Figure 3. Example of a mutant, phf21aa^aik4, publicized via ZebraShare.

(A) The allele description page shows information that helps researchers interpret the mutant. (B) The abstract page gives an overview of phenotypic characterization. (C) The figure associated with the abstract shows pertinent phenotypic details. For phf21aa^aik4, the mutants appeared normal, save for a mild rotation of the ceratohyal cartilage (red arrow). Fish larvae are stained with alcian blue (cartilage) and alizarin red (bone) to reveal skeletal shape. The three scalebars in C each = 200 microns.

Figure 4. Skeletal structure is normal in kdm1a maternal zygotic mutants.

Wild-type larvae (A–C) compared with kdm1a maternal zygotic mutant larvae (D–F). (A and D) Whole mount specimens, lateral view of head skeleton, (B and E) flat mount pharyngeal skeleton, pharyngeal arches 1 and 2, lateral view, (C and F) flat mount neurocranium, ventral view. Fish larvae are stained as described in Fig. 3. Scale bar = 200 microns.

Figure 5. Embryonic disintegration in ctnnd1 mutants.

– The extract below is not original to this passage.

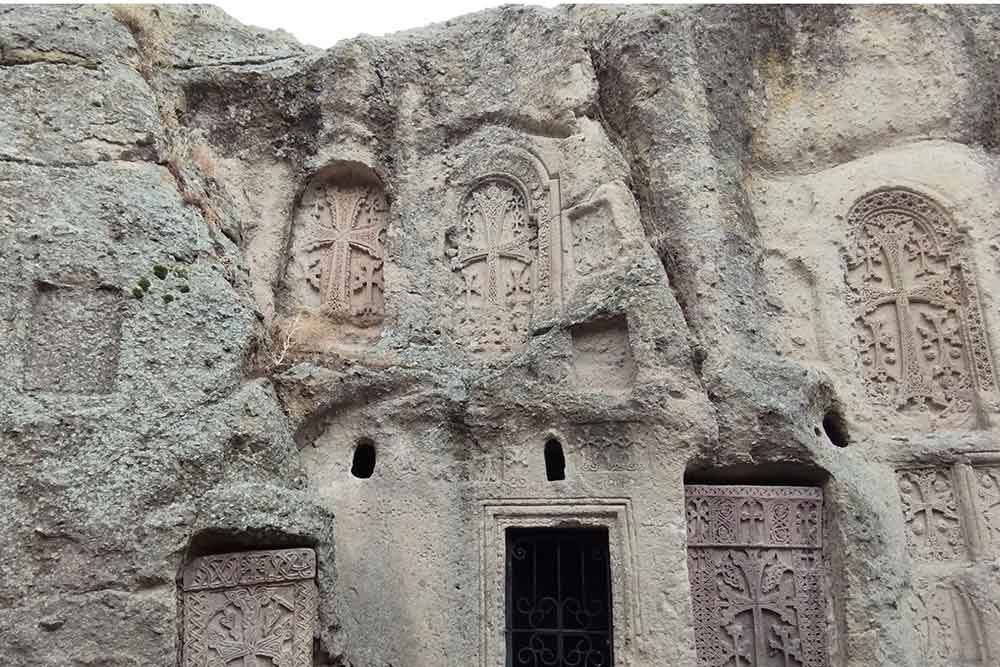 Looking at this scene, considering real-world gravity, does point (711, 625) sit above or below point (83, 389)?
below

(A, B) Frames from time-lapse imaging (Movie S1) illustrate disintegrating phenotype of ctnnd1 mutants. Asterisk(s) mark two of the embryos that disintegrated during the time-lapse recording. (C) DAPI staining of fixed ctnnd1 mutant embryos reveals that cells with intact nuclei dissociate from the embryo. (D–F) Phenotypes of ctnnd1 sibling embryos at the 6-somite stage. The homozygous mutant (F) has disintegrated, the heterozygous mutant (E) displays clumps of cells along the dorsal surface, and the wild-type embryo appears normal (D). The solid arrow marks a clump of cells dorsal to the midbrain and the open arrowhead marks a clump of cells dorsal to the hindbrain in the heterozygote.

Figure 6. Embryonic development arrests in snu13a;snu13b double mutants.

(A) Normal sibling and (B) snu13a;snu13b double mutant at 24 hpf. Tail region is outlined in orange, head in blue. The shown double mutant was confirmed to be homozygous by Sanger sequencing. Scale bar is 1 mm.

Figure 7. A decision tree on whether to publicize findings in ZebraShare.

(A) A ZebraShare submission immediately disseminates your information to the scientific community and also can serve as a pathway to journal publication. (B) Comparison of correct and misplaced ZebraShare submissions, with solutions for incorrect uses.